#### [DATASET]
————

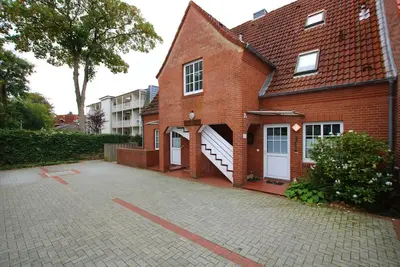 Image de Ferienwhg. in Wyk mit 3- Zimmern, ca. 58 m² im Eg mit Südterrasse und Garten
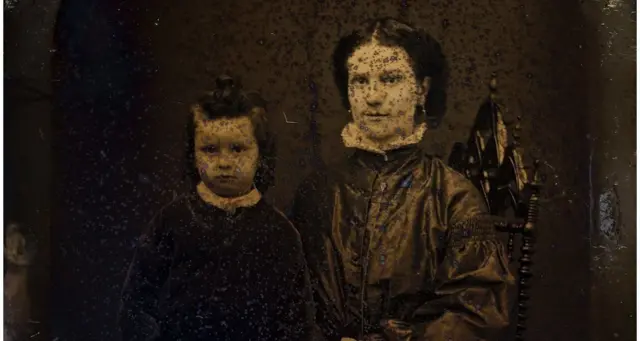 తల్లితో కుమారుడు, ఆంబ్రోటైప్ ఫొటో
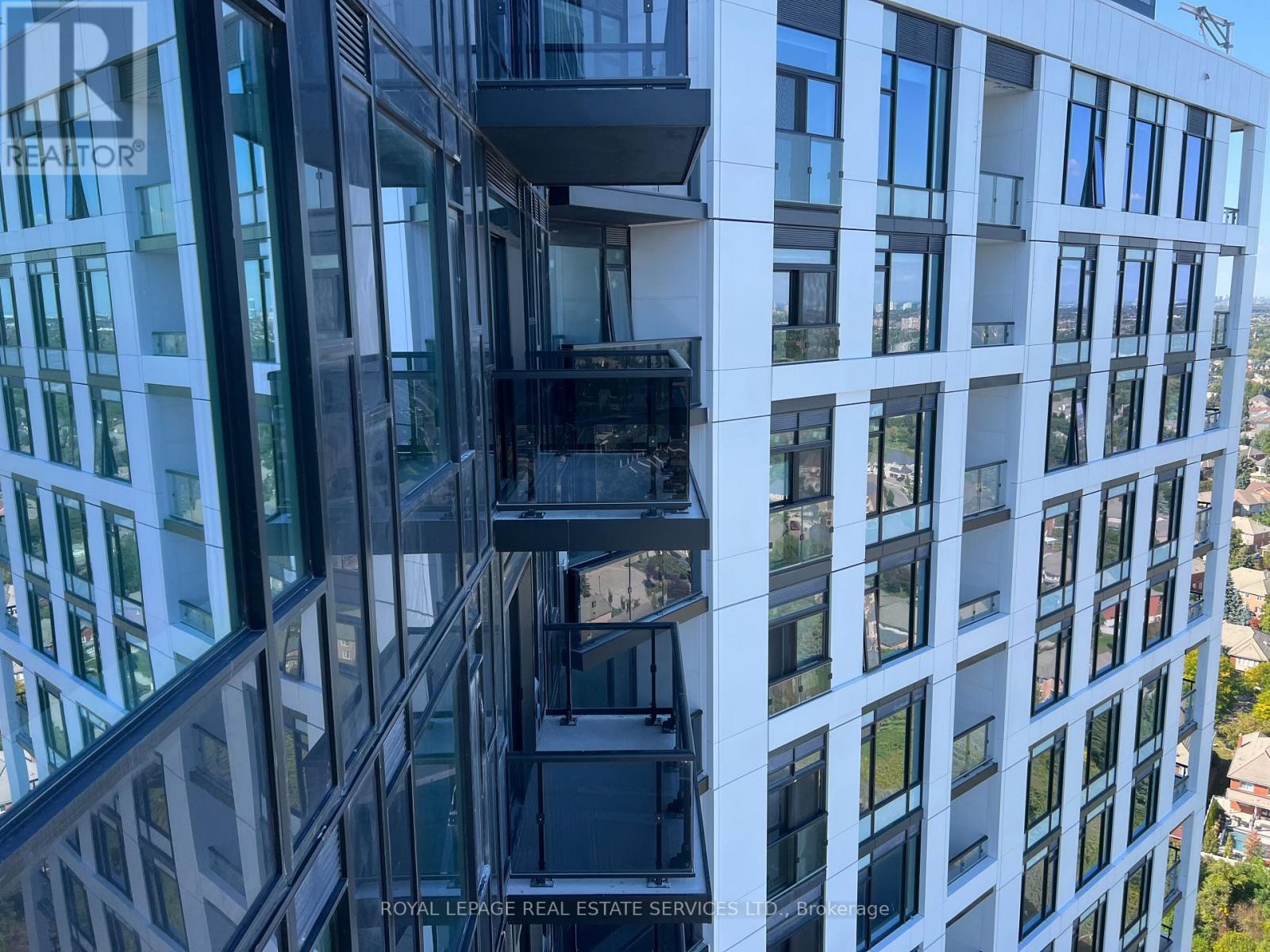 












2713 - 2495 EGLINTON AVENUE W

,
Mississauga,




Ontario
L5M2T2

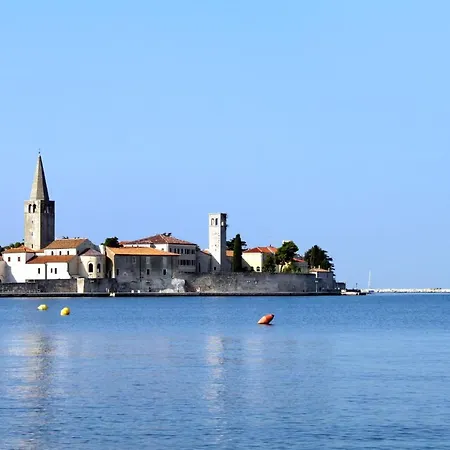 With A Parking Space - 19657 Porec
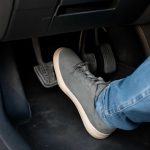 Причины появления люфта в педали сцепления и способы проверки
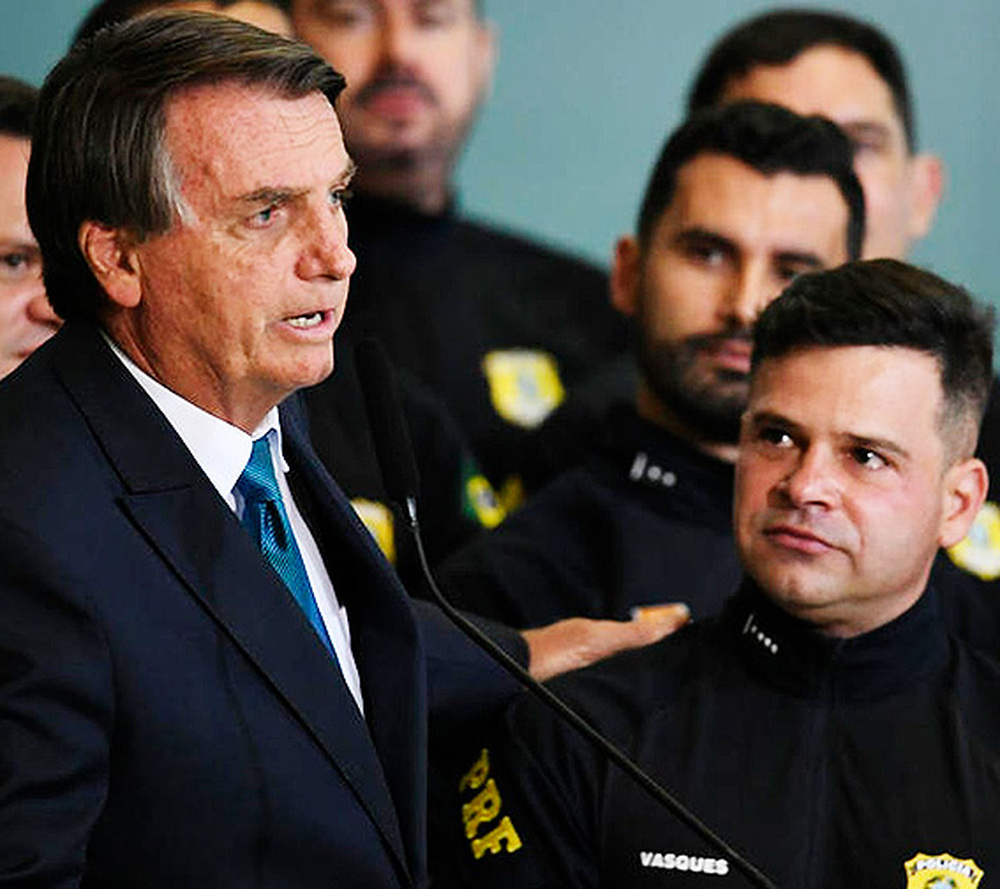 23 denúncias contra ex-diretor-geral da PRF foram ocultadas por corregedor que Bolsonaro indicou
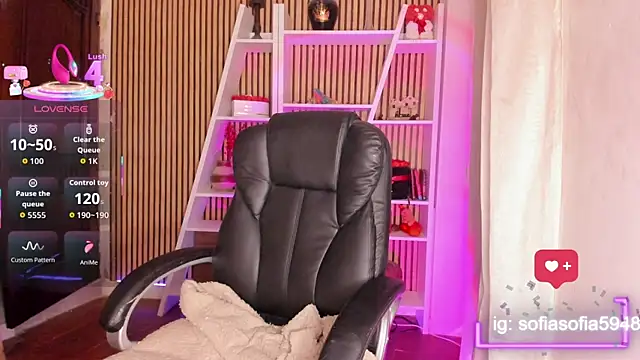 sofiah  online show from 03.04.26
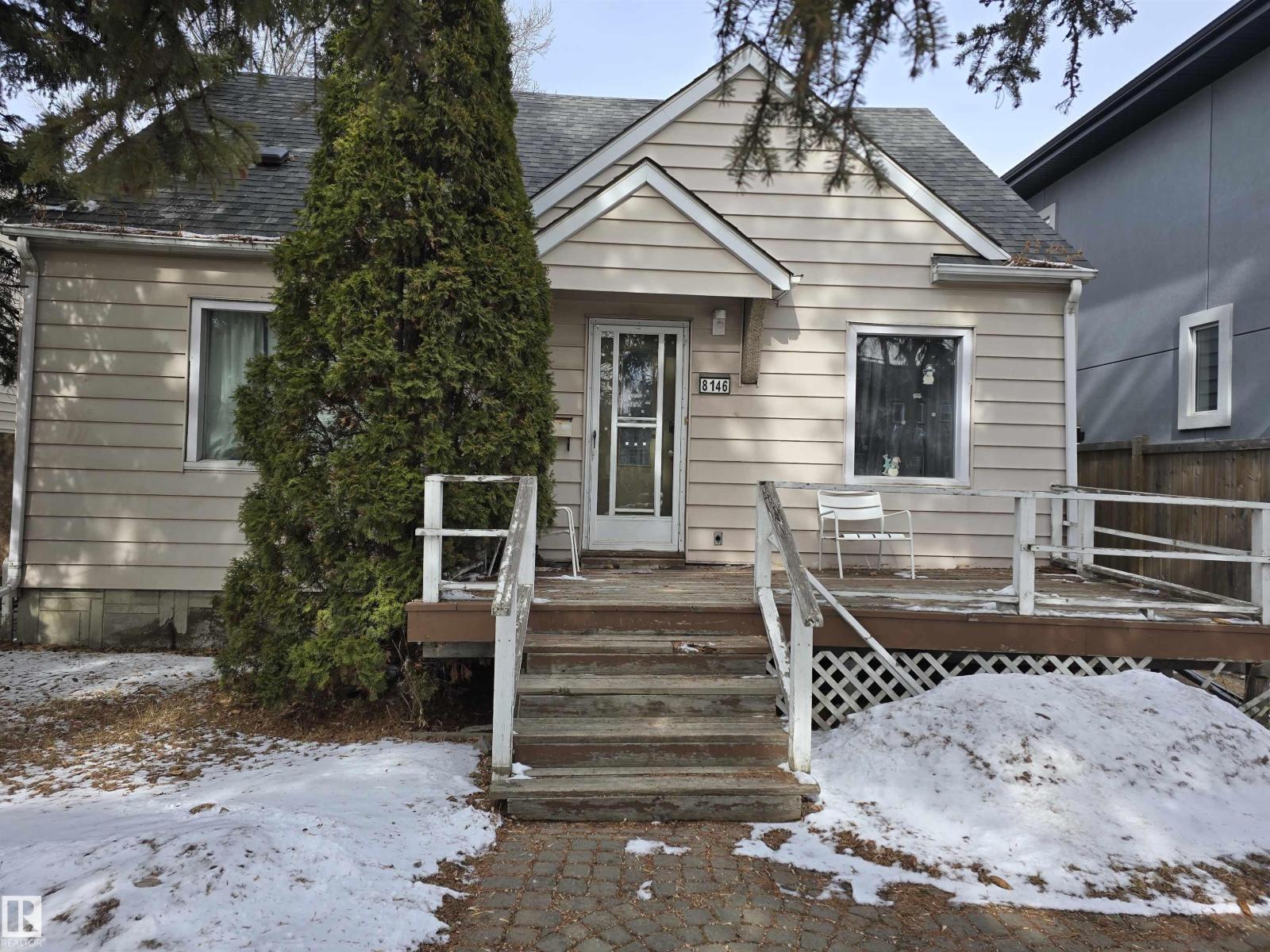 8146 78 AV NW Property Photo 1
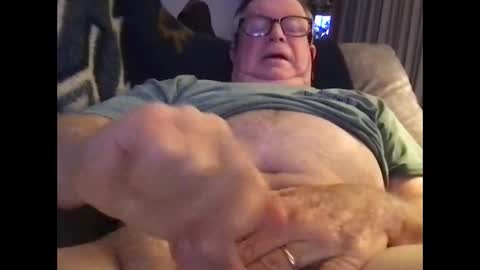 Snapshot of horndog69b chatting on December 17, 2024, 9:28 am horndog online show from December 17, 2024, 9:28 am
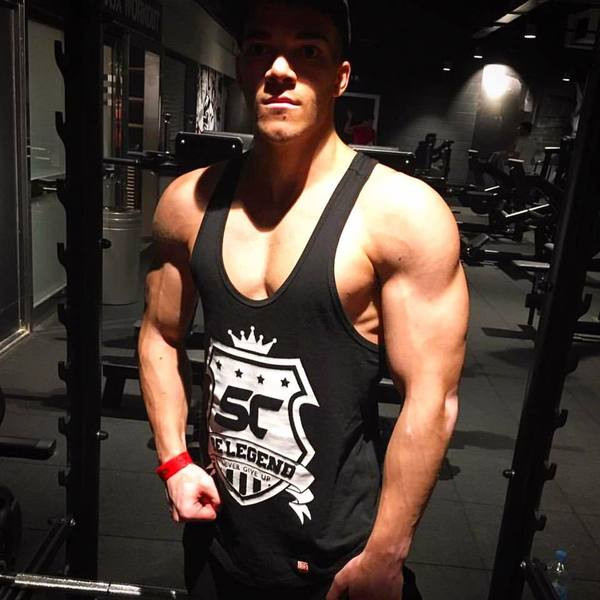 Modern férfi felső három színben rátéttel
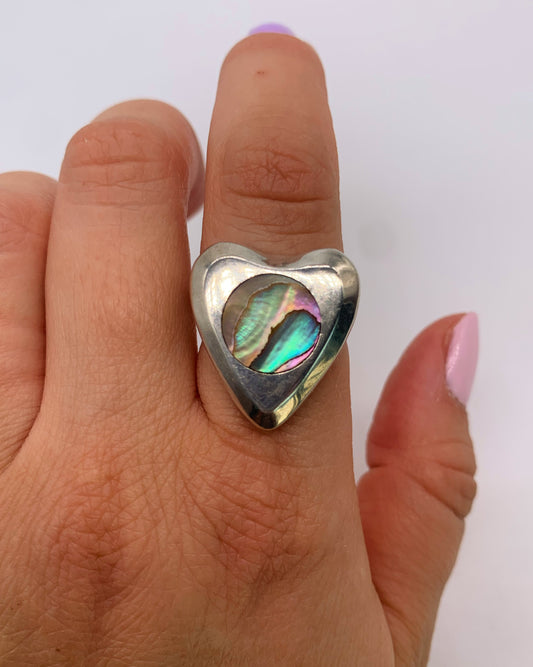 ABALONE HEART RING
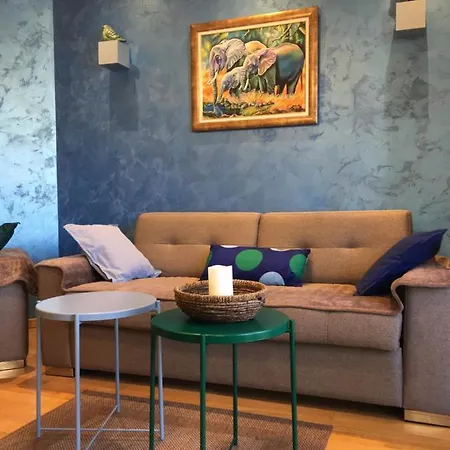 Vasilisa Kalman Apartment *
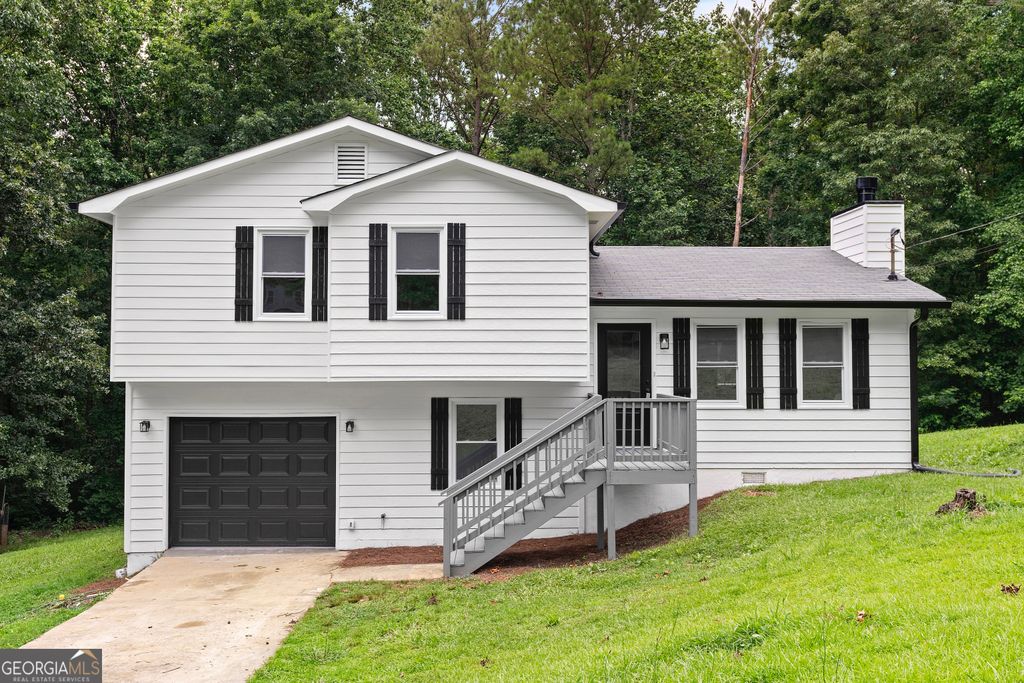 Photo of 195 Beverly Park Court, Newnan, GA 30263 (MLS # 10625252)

————

#### [PROBLEM STATEMENT]
For this exercise, return exactly the lines above from the line with "Причины появления люфта" through the line with "8146 78 AV NW Property Photo 1", both included. Do not copy the pictures.

#### [SOLUTION FOR THIS EXERCISE]
 Причины появления люфта в педали сцепления и способы проверки
 23 denúncias contra ex-diretor-geral da PRF foram ocultadas por corregedor que Bolsonaro indicou
 sofiah  online show from 03.04.26
 8146 78 AV NW Property Photo 1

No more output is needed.